Was interviewed as an ‘upcoming-author-yet-to-be-published,’ then did a podcast interview with author DJ Williams on ‘The Auctioneer,’ split my WordPress into three platforms because I have recipes, Biblical stuff and also an author site. Yay, three. But since they are split up?? I lost all of my followers except a few stragglers and those I could find… yikes. Y’all welcome to follow by the way…
Taking a class this week from the local Toastmasters on public speaking — I have a public speaking event coming up not related to writing (except an investigative article I wrote), but the timing is 1. perfect and 2. will help me as I learn to organize events, be a speaker at events, writers conferences I will attend (I am horrifically shy– socially awkward, not panic or anxiety just the president of the Knee-Knocker Variety Club, so this is a huge leap from my comfort zone).
Have been fiddling much with podcasting and — the thought of YouTubing though… have nothing to sell. Share ups and downs of writing? Cook? Talk about the passages I read daily? Be a one-woman Diamond and Silk? Dunno yet on YouTube.
But this is a good push article for me to nudge as in fast-forward. Big breath. Since I have to do a Nation Wide Skype Discussion on Big Issues interviewed by Big Wigs in October, I’d best be ready. Hey, and that’s not even a WordPress site yet. But, learning to stay on track and rid the ‘ums’ etc.
and Andrew and Tom, good info on the microphone issue.
I see most of the books on your list are nonfiction, and I can see the logic in podcasting for nonfiction authors. What about fiction?
Are you recommending podcasting for both fiction and nonfiction writers?
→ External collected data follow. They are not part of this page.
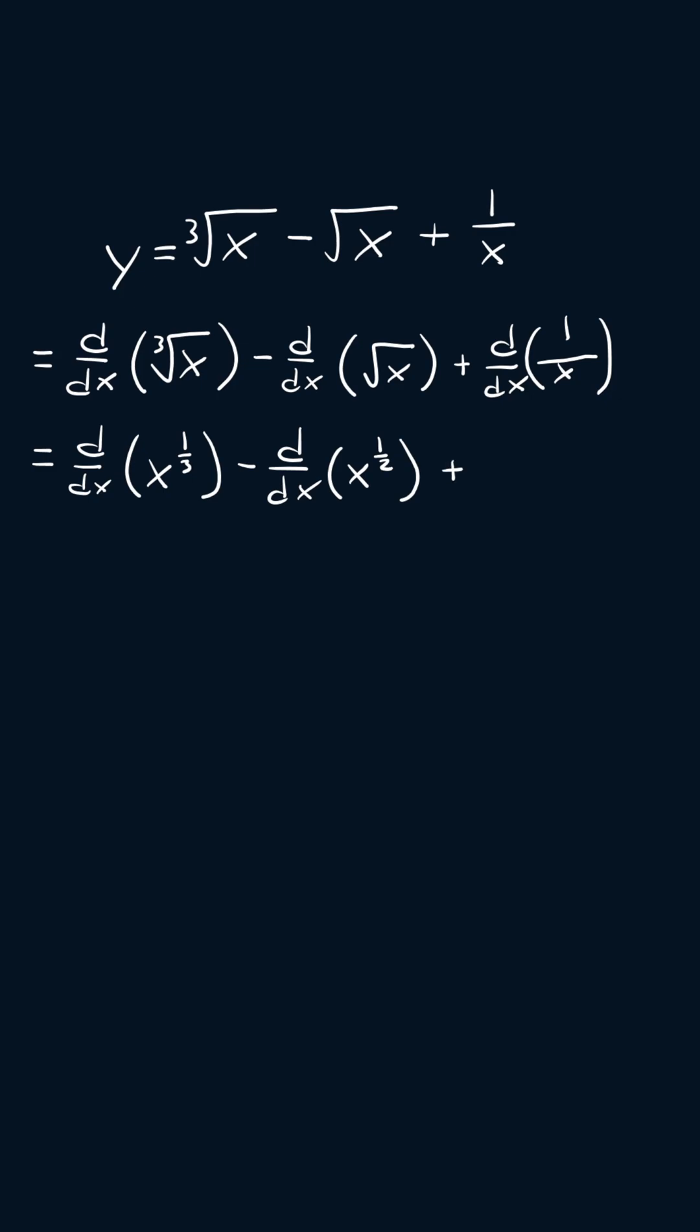I'm going to apply the exponent rule. So this will become the derivative of x to the negative 1.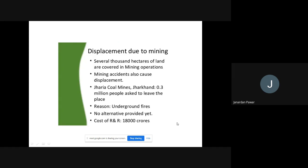Mining accidents also cause displacements. When it comes to mining operations, there are certain chances of accidents. Because of all those things, the government asks people to shift themselves to certain areas where such activities won't be there and people won't get affected. But when shifting people, the government does not take care of them properly, and then the question arises about resettlement and rehabilitation. Here is one coal mine — the Jharia coal mines in Jharkhand — where 0.3 million people were asked to leave the place.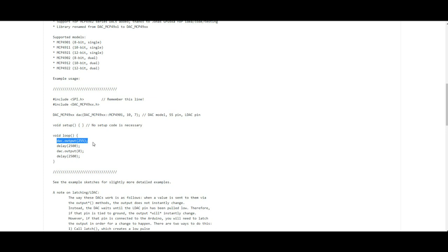And then all you need to do is give it a value the same as an analog write. It's really that simple. There's nothing much else to it. In fact, let's go over and have a look at the program that you could see running there on my Arduino.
I’m curious how it might be used for fiction.
Great article! Thanks so much for all of the information and the encouragement. I listen to KM Weiland. She has the transcript and the podcast. I often wonder when I’m listening/reading if she writes them beforehand and then reads what she has written with a few extra examples thrown in from time to time.
One other thing she does is offer an occasional worksheet or a pdf of a topic, like character arc building, that has blank spaces so I can immediately use what she is teaching.
Thanks for the info and the free webinar coming up! Have to catch the replay as I lead a writer’s group that night.
This is compelling data. Thanks, too, for the list of podcasters to listen to. I’m looking forward to catching the webinar replay!